This being an even-numbered year, one of the media's really "hot" summer trends is a political one. The latest fashion accessory on the campaign beat, a must for any cutting-edge story or column, is something called "netroots." If you're obsessive about politics, you already know what the word means. If you aren't, bless you, and here's the dope: Netroots are grassroots Democratic activists who use the Web as their main megaphone and organizing tool.

Yes, you've heard about these folks before under different labels. Sometimes a single word is enough to give an old trend new life.

As the story is told, the netroots made Howard Dean famous and practically snagged him the presidency. Now they are busily going around the traditional party structure and the insiders who run it. The netroots have real power, the narrative suggests, and they might just change the way we elect our leaders.

Several weeks ago, The Washington Post's Outlook section ran a much-discussed piece by Markos Moulitsas, founder of the popular blog Daily Kos and co-author of the book Crashing the Gate: Netroots, Grassroots, and the Rise of People-Powered Politics.

Moulitsas threw down the gauntlet at Sen. Hillary Rodham Clinton, techily noting that the netroots are displeased with her and might not let her become president: "Money and star power go a long way, but the netroots is now many times larger than it was only three years ago, and we have attractive alternatives to back (and fund), such as former Gov. Mark W. Warner and Sen. Russell Feingold....

Today we regard Hillary Clinton's candidacy as anything but inevitable."

"Ouch," cried Hillary operatives everywhere. Or did they? It's hard to know how seriously to take these media trends and whether they have any impact on reality. Sometimes, the bigger a concept gets in the media, the more synthetic it feels. Howard "Sure Thing" Dean, a trend whose flames I personally fanned, didn't even get the nomination. At one point in his campaign, Dean actually declared himself a metrosexual, a rare instance of two unrelated trends fusing into a single moment of pure nonsense.

In any case, the netroots are here and their media mentions are ramping up. A few weeks back, as the Al Gore boomlet was starting, Associated Press political writer Ron Fournier reported: "Gore is a longtime opponent of the Iraq war, which makes him a favorite of liberal Internet-savvy Democrats who dominate the party's emerging 'netroots.' "

In the current issue of Newsweek, columnist Jonathan Alter writes: "Just as Linux lets tech-savvy users avoid Microsoft and design their own operating systems, so 'netroots' political organizers may succeed in redesigning our current nominating system."

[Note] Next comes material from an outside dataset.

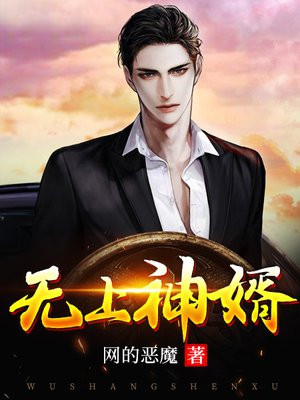 无上神婿北辰全文免费阅读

The Washington Post once reported that, thanks to Internet technology, "a new epoch in political communication is beginning ... as ever more citizens gain access to the Internet, and candidates begin to tap it as a means of wide, cheap, direct two-way communication with voters." That was 1994, and the writer was me. The point is, this revolution is always just about to happen. It's the novelty item that never dies, the Chia Pet of modern political journalism.

The sharpest take on the netroots that I've seen so far was a short piece in last Sunday's New York Times Magazine. The writer, Matt Bai, pooh-poohed the notion that the netroots are reinventing American political power: "Those who lead the most consequential revolts against the status quo never really vanquish the party's insider establishment. They simply take its place." Next week, he reported, leading netroots will descend from the virtual world for a meet-and-greet at the Riviera Hotel in Las Vegas, just like flesh-pressing pols of old.

Wait—the netroots are meeting in Vegas? Get me a reporter, fast.

William Powers is a columnist for National Journal, a weekly magazine covering politics and government published in Washington, D.C.